Monday, March 30, 2009

Rick Wagoner Is Compelled To Resign from GM

Two developments affecting the US auto industry in this morning's papers:

(1) GM CEO and Chairman Rick Wagoner is being forced to resign by the Obama administration, because of dissatisfaction with (a) his leadership of the company and/or (b) his level of cooperation with the federal government in coming up with a restructuring plan.

(2) The administration has given Chrysler a deadline, 30 days from now, prior to which it must reach a merger deal with Fiat (Fiat will obtain a 35% stake) in order to receive an additional $6 billion in loans.

From 2005 until the end of last year, GM lost $73 billion. Wagoner's critics say that he focused too much on trucks and SUV's rather than fuel-efficient cars.

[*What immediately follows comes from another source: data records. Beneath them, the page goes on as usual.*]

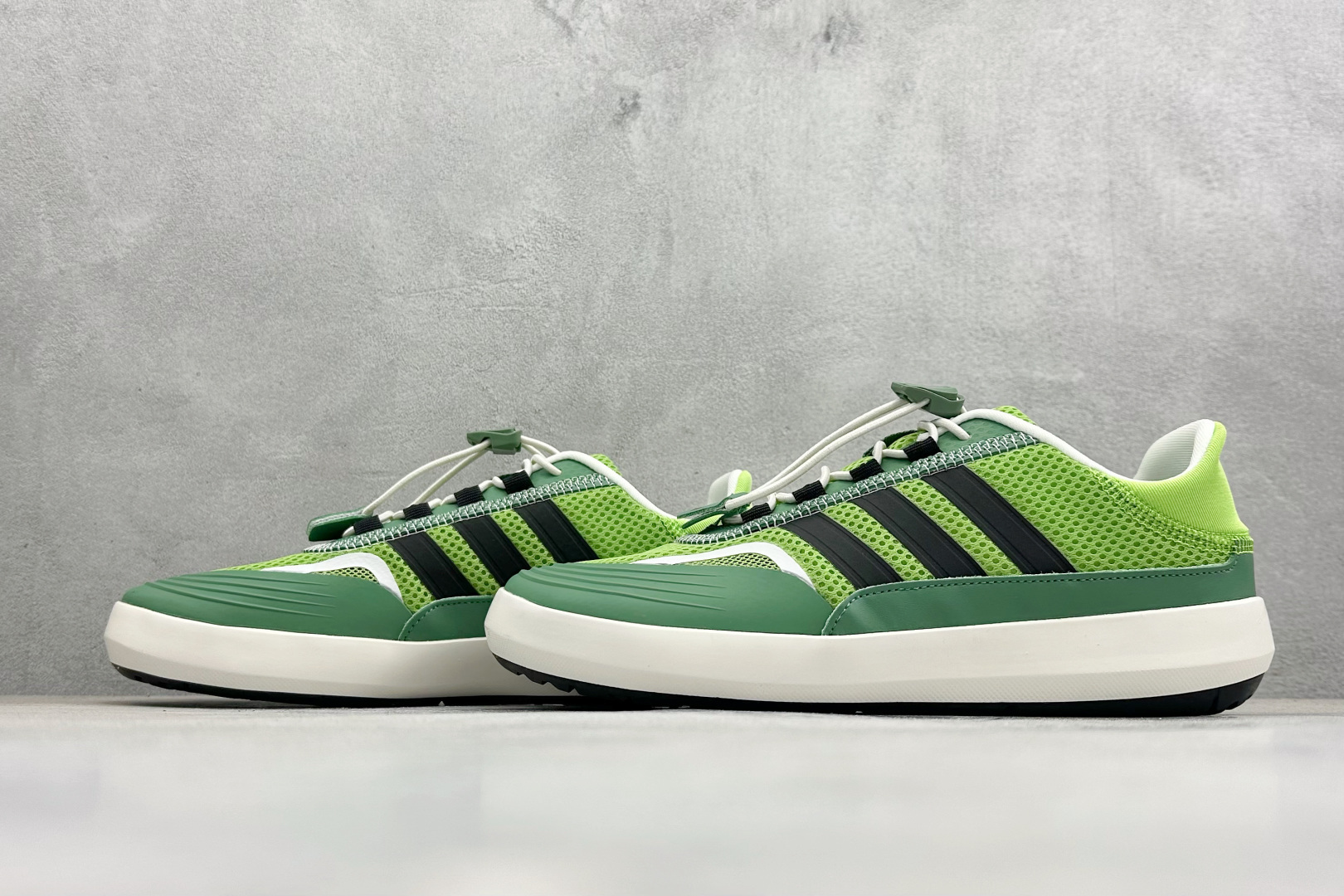 Adidas Roamboat 轻便舒适防滑耐磨 低帮跑步鞋 JH9751 Adidas Roamboat 轻便舒适防滑耐磨 低帮跑步鞋 JH9751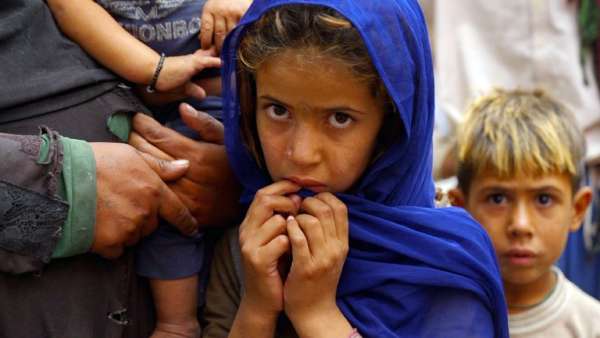 உதவிக்கரம் நீட்ட கோரிக்கை உதவிக்கரம் நீட்ட கோரிக்கை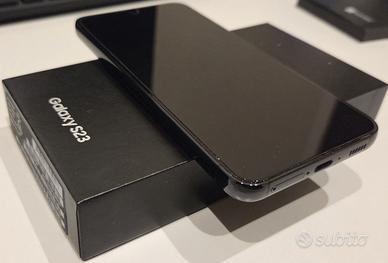 Samsung Galaxy S23 256GB - Pari al Nuovo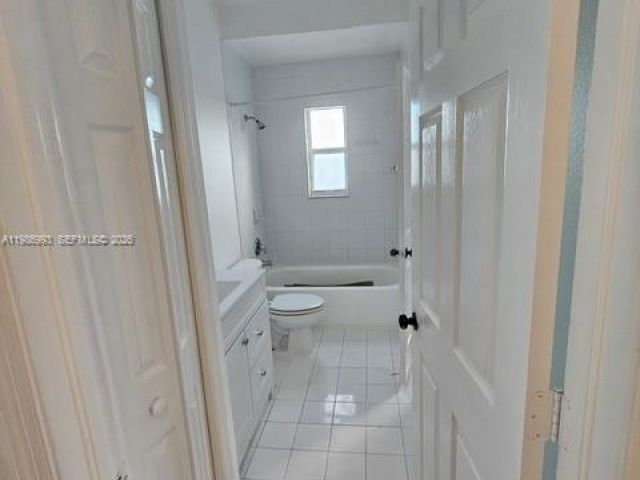 Дом в аренду по адресу 11151 SW 241st St - фото 7498880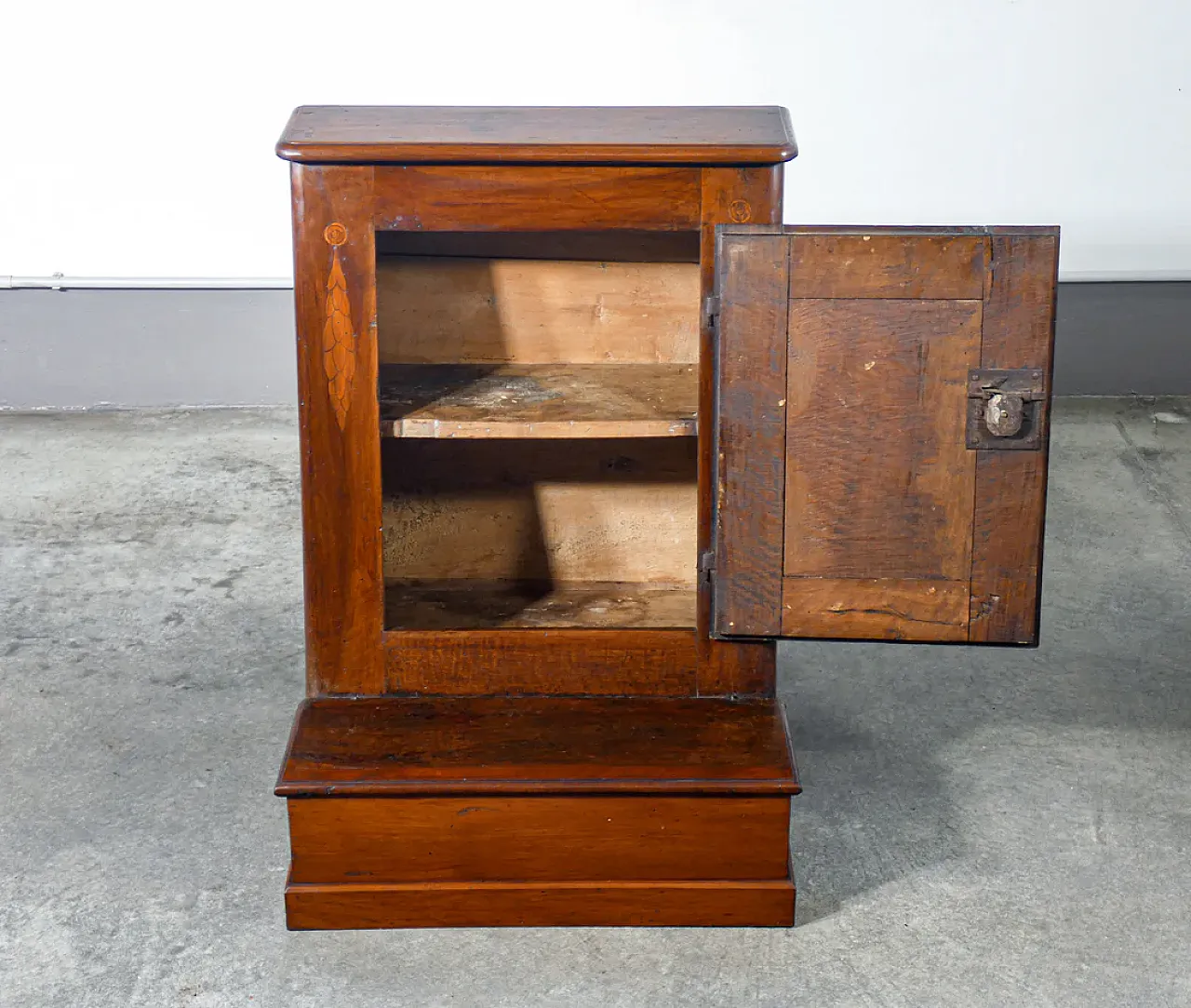 Inginocchiatoio in noce intarsiato con anta e scomparto, '800 4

I'm trying to think through the specific people who are receiving the brunt of public/media criticism for the economic crisis and/or their inadequate responses to it:
  1. Dick Fuld (the head of Lehman)
  2. Alan Greenspan (to some extent)
  3. Barney Frank (among conservatives (for pushing too hard to facilitate Fannie Mae loans to poorer people))
  4. Robert Rubin (among certain editorialists, including Paul Krugman)
  5. Bernie Madoff
  6. Henry Paulson/Timothy Geithner
  7. Maurice Greenberg (founder of AIG)
  8. Jim Cramer and other CNBC personalities (by Jon Stewart)
  9. Rick Wagoner
  10. Ron Gettelfinger (for negotiating overly-generous deals for United Auto Workers members)
164. Prior to the resignation of Wagoner, has the US government ever compelled a corporate chief executive to step down? This seems like something of a watershed moment in the relationship between government and the private sector.